What are some of the characteristics of nonlinearity that provide a springboard for both defining and characterizing nonlinear causality?

“First, nonlinear change occurs in systems that have a large number of elements. One or two water molecules would not form ice, nor would a system made up of only two tectonic plates generate an earthquake. The presence of a large number of elements increases the number of potential interactions and increases the probability that an uncommon or unanticipated outcome will occur.” (p. 67)

Following from this first characteristic is a second: limited predictability.

A third, all too familiar characteristic is that outliers are more likely to occur.

Fourth, “some changes that precipitate an event appear to be quite small.” For instance, “the formation of ice and the development of superconductor status … seem to occur after small changes in temperature.” (p. 69) We know, of course, that most “sudden” events occur “after a period of gradual and often unrecognized change or accumulation.” (p. 70)

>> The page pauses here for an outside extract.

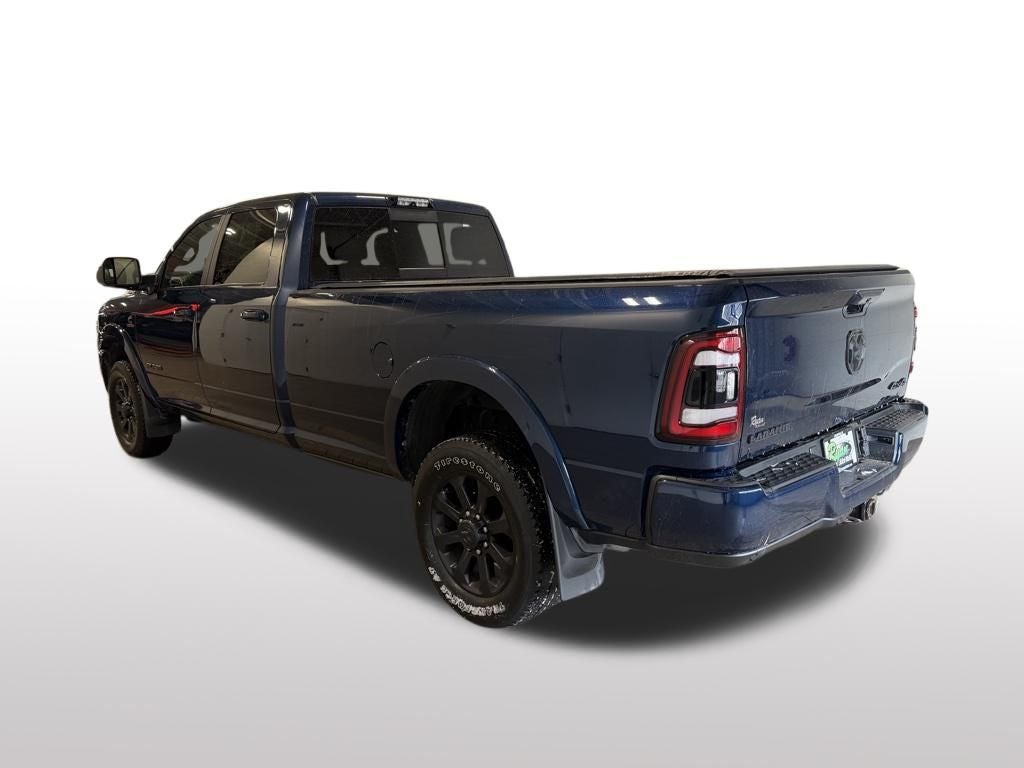 2022 RAM 3500 Laramie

Finally, nonlinear causality combines “top-down” and “bottom-up” approaches. “The top-down approach begins with a systemwide, big-picture view and identifies interactions at that macro level. The bottom-up approach, on the other hand, starts with the smallest elements and builds a causal explanation based on the interactions at the micro level.” (p. 71)

No single model can capture the activity that occurs in financial markets, no single model can describe the nature of financial markets as a whole. We live in a many-model world where, as the saying goes, all models are wrong but some are useful.